THE BROTHERS GRIMM


Starring: Matt Damon, Heath Ledger, Monica Bellucci, Jonathan Pryce, Lena Headey
Director: Terry Gilliam
Writing Credits: Ehren Kruger
Distributor: Dimension Film s (USA 2005)
Rated: PG-13 for violence, frightening sequences and brief suggestive material.

Bombastic, whimsical, and delicious,THE BROTHERS GRIMM evokes all of the adjectives one comes to expect about the work of director Terry Gilliam. Like Twelve Monkeys, it's weird. Like Time Bandits, it's fanciful and just a bit dark. Like Brazil, it's more than a bit offbeat; and like all of his work with Monty Python, it is most certainly original.

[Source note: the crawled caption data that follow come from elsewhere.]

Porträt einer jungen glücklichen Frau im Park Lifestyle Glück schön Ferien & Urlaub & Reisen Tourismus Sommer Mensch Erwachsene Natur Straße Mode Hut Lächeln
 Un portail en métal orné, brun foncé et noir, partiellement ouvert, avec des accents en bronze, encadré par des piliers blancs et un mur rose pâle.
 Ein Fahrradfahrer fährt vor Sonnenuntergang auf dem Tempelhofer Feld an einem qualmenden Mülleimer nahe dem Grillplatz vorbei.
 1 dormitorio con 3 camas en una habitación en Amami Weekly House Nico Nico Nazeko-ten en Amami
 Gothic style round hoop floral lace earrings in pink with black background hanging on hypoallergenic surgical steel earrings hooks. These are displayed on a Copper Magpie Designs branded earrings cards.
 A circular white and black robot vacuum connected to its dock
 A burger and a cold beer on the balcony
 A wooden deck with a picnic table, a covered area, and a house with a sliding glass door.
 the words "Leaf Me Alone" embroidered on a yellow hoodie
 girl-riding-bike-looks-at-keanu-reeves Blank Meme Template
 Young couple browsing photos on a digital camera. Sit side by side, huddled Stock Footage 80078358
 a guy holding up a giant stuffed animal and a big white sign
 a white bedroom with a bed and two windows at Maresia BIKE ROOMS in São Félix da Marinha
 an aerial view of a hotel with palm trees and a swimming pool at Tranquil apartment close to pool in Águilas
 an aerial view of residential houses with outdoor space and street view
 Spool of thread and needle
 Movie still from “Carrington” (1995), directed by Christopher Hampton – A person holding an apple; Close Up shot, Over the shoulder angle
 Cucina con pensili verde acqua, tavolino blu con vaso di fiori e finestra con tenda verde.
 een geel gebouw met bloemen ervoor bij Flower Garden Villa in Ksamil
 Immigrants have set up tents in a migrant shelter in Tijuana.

But this latest film of Gilliam's also bears the imprimatur of its Hollywood-bred screenwriter, Ehren Kruger, the horror wild child behind Scream 3 and The Ring. An odd-duck pairing, their collaboration tempers Gilliam's imaginative tangents with Kruger's mainstream sensibilities, meshing together idiosyncratic elements with an almost fiendish devotion to narrative. Entertaining and clever and only rarely off-putting, this hybrid is fantastical but familiar, definitely weird but not uncomfortable...a Harry Potter experience for those who have outgrown the fantasy cliches of boy wizards. THE BROTHERS GRIMM -- which is only tangentially about the authors of the famous Anglo-Saxon fairy tales -- is really a comic ghost story wrapped in the postmodern folds of Shakespeare In Love, where the characters could be our contemporaries if it weren't for the period dress and bad hairstyles.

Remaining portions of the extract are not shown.